By the provisions of the constitution of Rhode Island, “the senior member from the town of Newport” is temporary president of the popular branch.

8. Temporary Organizations.— Where no provision of constitution or statute exists, and in bodies voluntary in their origin, but requiring credentials to entitle those proposing to act to membership, a preliminary or temporary organization is first had, and immediately the credentials are examined, usually by the aid of a committee, whose judgment is submitted to the assembly and passed upon by it. The permanent organization is then made.


9. Definition.— The quorum of an assembly is that number which must be present to constitute the assembly a body competent to transact business legally.

10. Number Necessary.— There is no definite rule applicable to all cases. It is commonly stated that in the absence of special regulations, either constitutional, legal, or by order of the assembly itself, a majority of the members is necessary to make a quorum. This statement is inaccurate. In some assemblies whoever comes is authorized to act and bind all the others. In other assemblies the quorum is a majority, and in still other cases all must be present.

11. Assemblies Which Do Not Require a Quorum.— Assemblies which act on their own responsibilities, and which are not representative or judicial, do not require any quorum. Town meetings in New England, stockholders' meetings, and voluntary meetings generally are of this class.

12. Assemblies Which Require a Majority.— Where the body is a representative one, performing the functions of government for a constituency, or a financial one, managing the business of the corporation which selected it, the quorum is a majority, and can neither be increased nor diminished by the vote of the body. City councils and boards of directors are of this class.

13. Cases Where All Must Be Present.— Where the body is appointed by law, or by virtue of law, to perform a single act, or a series of acts relating to a single subject, which requires the exercise of judgment and discretion, the whole board constitutes the quorum. All must be present and deliberate, but the majority is competent to act. Referees are of this class.

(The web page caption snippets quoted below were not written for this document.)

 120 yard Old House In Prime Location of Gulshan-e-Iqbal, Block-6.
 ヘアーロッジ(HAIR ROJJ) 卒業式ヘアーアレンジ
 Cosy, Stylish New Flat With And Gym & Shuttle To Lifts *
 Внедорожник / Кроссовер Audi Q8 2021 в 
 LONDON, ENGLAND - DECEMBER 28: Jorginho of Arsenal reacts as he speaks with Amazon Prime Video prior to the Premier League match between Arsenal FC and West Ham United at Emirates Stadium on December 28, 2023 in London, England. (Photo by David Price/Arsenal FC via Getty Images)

14. Fixed Quorums.— In most public bodies the number necessary to make a quorum is fixed by the constitution or by statute. In voluntary bodies it may be fixed by the body itself.

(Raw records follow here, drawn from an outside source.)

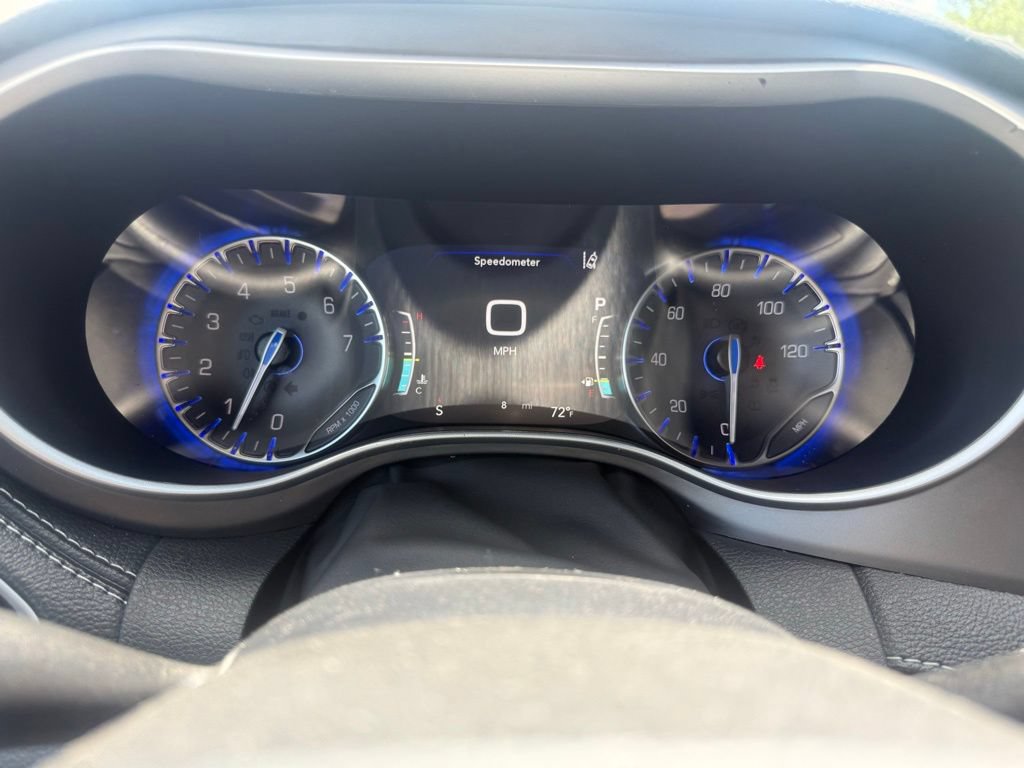 New 2027 Chrysler Pacifica Limited w/ Family Tech Group FWD image 18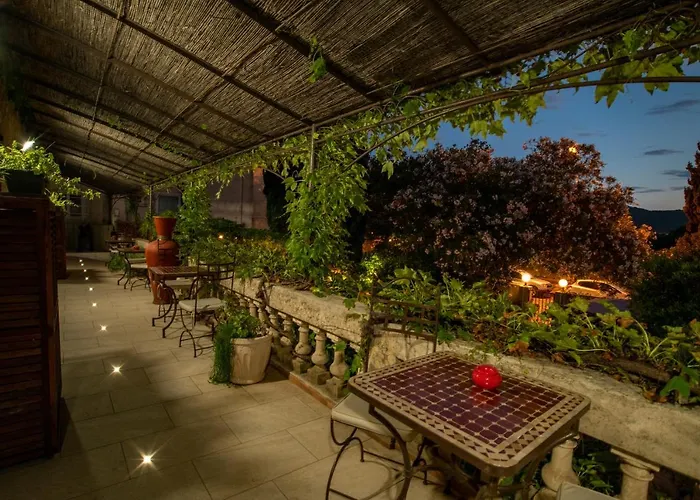 Les Orangers 2* Hyères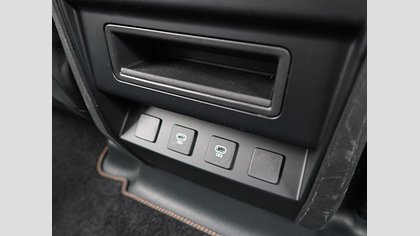 Defender 110 27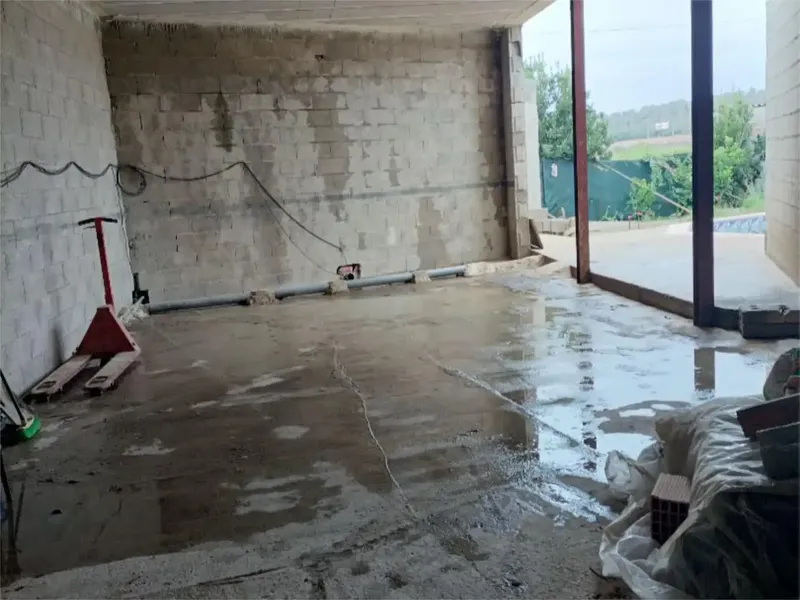 Two-storey house under construction from 2023, with project and building permit — photo 4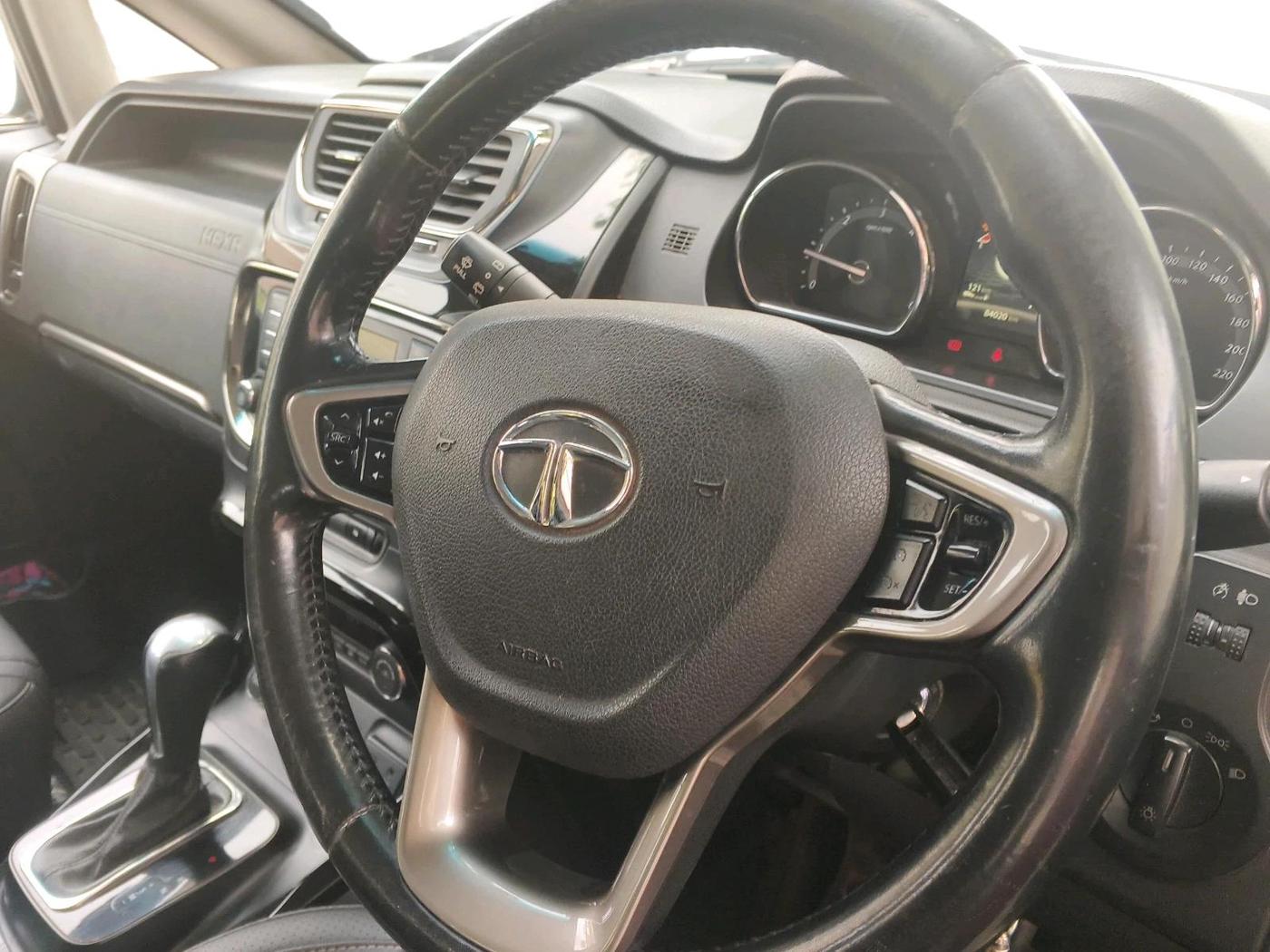 2017 Tata Hexa XTA 4X2 6 STR, Diesel, Automatic, 84,020 km, interior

15. The Presence Only of a Quorum Required.— The quorum required to constitute an assembly and render it competent to transact business is a present quorum and not a voting quorum. In all cases, if the number necessary to make a quorum is present, it makes no difference how many or how few actually participate in the decision. Those who sit silent are regarded as consenting to the result. Such was the recent decision of the United States Supreme Court, which decision was in accord with every decision of every State Supreme Court which has ever passed upon the question.

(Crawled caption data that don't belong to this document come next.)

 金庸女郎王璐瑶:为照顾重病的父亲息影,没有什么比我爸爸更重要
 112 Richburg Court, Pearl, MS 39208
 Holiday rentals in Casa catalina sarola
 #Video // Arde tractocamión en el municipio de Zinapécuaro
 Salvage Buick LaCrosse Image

In strictness a chairman ought not to take the chair until after the appearance of a quorum, but in practice in this country he always does; and until a member from the floor or the presiding officer raises the question of quorum a quorum is always supposed to be present.

16. Practice in the House of Representatives.— Under the rules of the United States House of Representatives the Speaker takes the chair at the hour indicated by the rules or by the special order of the House, and, “upon the appearance of a quorum,” proceeds to lay before the House the business in order. In practice, notwithstanding this rule, the business begins as soon as the Speaker takes the chair, a quorum being presumed to be present, and continues until the suggestion of no quorum is made.

Notwithstanding the decision of the United States Supreme Court already mentioned, the Fifty-second Congress continued to require a voting quorum. No one who refused to vote was regarded as present, however visible or vociferous he might be. In the Fifty-first Congress a constitutional quorum, that is, a “present quorum,” was required, which practice was pronounced legal by the Supreme Court.

On April 17th, 1894, the Fifty-third Congress adopted the doctrine of a present quorum by a vote of 213 to 47, and that question seems to be settled.

In the French Chamber, where a majority is a quorum, it was decided in 1878 by President Grévy that the presence and not the participation in the vote of 267 members is necessary for the validity of the votes of the Chamber of Deputies.

17. Is a Quorum Required During Debate?— While it is settled that no conclusion can be arrived at, no decision made by a parliamentary body unless the quorum be present, it has not yet been authoritatively and definitely decided in the House of Representatives that the presence of a quorum is absolutely necessary during a debate. In the House of Commons, where forty constitutes a quorum, a member speaking may be taken off his feet on a suggestion to the Speaker that there is no quorum. The Speaker then, after a short interval, and after causing bells to be sounded in the lobby, counts the members in sight, even those whom he can see approaching through the open doors, and if forty can be counted the speech may go on; if not, the House is adjourned and the member speaking is said to be “counted out,” which “counting out” is not regarded as flattering.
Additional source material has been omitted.